Full-Text Indexing With the Lucene SAIL

The LuceneSail enables you to add full text search of RDF literals to find subject resources to any Sail stack.

It provides querying support for the following statement patterns:

PREFIX search: <http://www.openrdf.org/contrib/lucenesail#>

?subj search:matches [
	      search:query "search terms...";
	      search:property my:property;
	      search:score ?score;
	      search:snippet ?snippet ] .

The ‘virtual’ properties in the search: namespace have the following meaning:

  • search:matches – links the resource to be found with the following query statements (required)
  • search:query – specifies the Lucene query (required)
  • search:property – specifies the property to search. If omitted all properties are searched (optional)
  • search:score – specifies a variable for the score (optional)
  • search:snippet – specifies a variable for a highlighted snippet (optional)

Configuration

The LuceneSail is a stacked Sail: to use it, simply wrap your base SAIL with it:

Sail baseSail = new NativeStore(new File("."));
LuceneSail lucenesail = new LuceneSail();
// set any parameters, this one stores the Lucene index files into memory
lucenesail.setParameter(LuceneSail.LUCENE_RAMDIR_KEY, "true");
...
// wrap base sail
lucenesail.setBaseSail(baseSail);

Language filtering

You can add a filter to only index literals with particular languages, for example:

// this sail will now will only index French literals
lucenesail.setParameter(LuceneSail.INDEXEDLANG, "fr");

To use multiple languages, split them with spaces, for example:

// this sail will now only index French and English literals
lucenesail.setParameter(LuceneSail.INDEXEDLANG, "fr en");

Type filtering

You can add a filter to only index literals of subject with particular type, for example with the subject/literals

@prefix my: <http://example.org/> .

my:subject1 my:oftype my:type1 ;
            my:prop   "text"   .

my:subject2 my:oftype my:type2 ;
            my:prop   "text"   .

To only index the literals of the subjects with the type my:type1, you can use the type filter parameter:

// this sail will now only index literals of subjects ?s with the triple (?s ex:oftype ex:type1).
lucenesail.setParameter(LuceneSail.INDEXEDTYPES, "http\\://example.org/oftype=http\\://example.org/type1");

You can specify multiple types for the same type predicate by splitting them with spaces, you can specify multiple type predicates by splitting them with new lines, example:

// this sail will now only index literals of subjects ?s with the triple:
// (?s ex:oftype1 ex:type11), (?s ex:oftype1 ex:type12), (?s ex:oftype2 ex:type21) 
// or (?s ex:oftype2 ex:type22).
lucenesail.setParameter(LuceneSail.INDEXEDTYPES, 
		"http\\://example.org/oftype1=http\\://example.org/type11 http\\://example.org/type12\n"
		"http\\://example.org/oftype2=http\\://example.org/type21 http\\://example.org/type22"
);

You can use the special predicate a instead of rdf:type.

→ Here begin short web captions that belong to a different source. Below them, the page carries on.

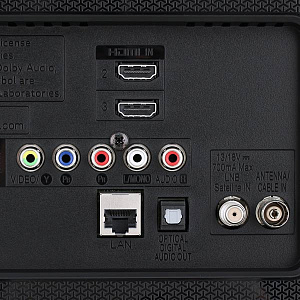 Телевизор LG 32LJ622V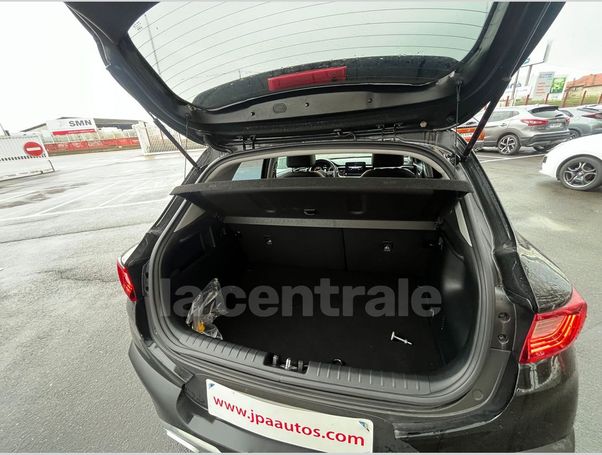 Kia Stonic 1.0 T-GDi 120 88 kW image number 11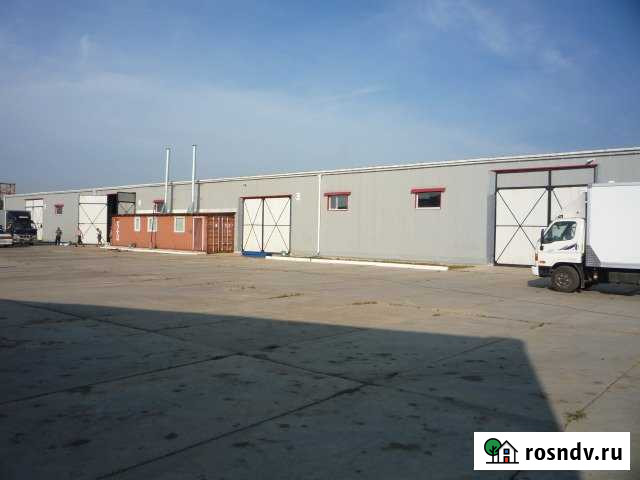 Складское помещение, 270 кв.м. Благовещенск - изображение 1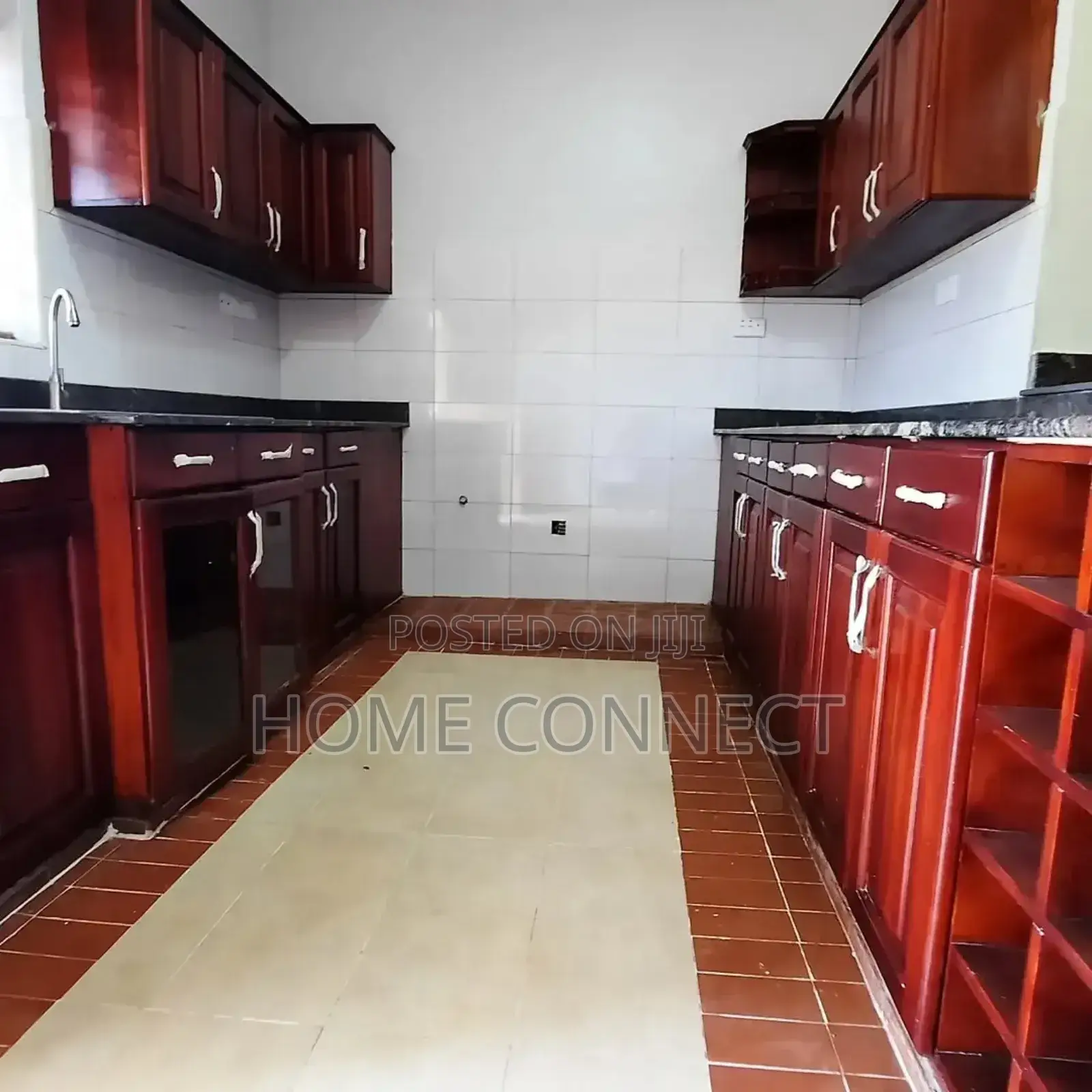 2bdrm Apartment in Ntinda, Central Division for rent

You can also reduce the usage of the base sail to set the type of backtracking:

  • TypeBacktraceMode.COMPLETE: (default) will check every triples with ?s and try to add or remove them in the Lucene Index.
  • TypeBacktraceMode.PARTIAL: won’t check previous triples in the store, assume that the user would add new elements to the index after and with the add of a type triple and would remove elements to the index with the remove of type.
// the sail won't search for the type a triple if the type isn't in the UPDATE request
lucenesail.setIndexBacktraceMode(TypeBacktraceMode.PARTIAL);

Search is case-insensitive, wildcards and other modifiers can be used to broaden the search. For example, search all literals containing words starting with “alic” (e.g. persons named “Alice”):

....
Repository repo = new SailRepository(lucenesail);

// Get the subjects and a highlighted snippet
String qry = "PREFIX search: <http://www.openrdf.org/contrib/lucenesail#> " +
			"SELECT ?subj ?text " +
			"WHERE { ?subj search:matches [" +
					" search:query ?term ; " +
					" search:snippet ?text ] } ";

List<BindingSet> results;
try (RepositoryConnection con = repo.getConnection()) {
	ValueFactory fac = con.getValueFactory();

	TupleQuery tq = con.prepareTupleQuery(QueryLanguage.SPARQL, qry);
	// add wildcard '*' to perform wildcard search
	tq.setBinding("term", fac.createLiteral("alic" + "*"));

	// copy the results and processs them after the connection is closed
	results = QueryResults.asList(tq.evaluate());
}

results.forEach(res -> {
		System.out.println(res.getValue("subj").stringValue());
		System.out.println(res.getValue("text").stringValue());
});

This feature might no be available for your implementation, see SearchIndex implementations.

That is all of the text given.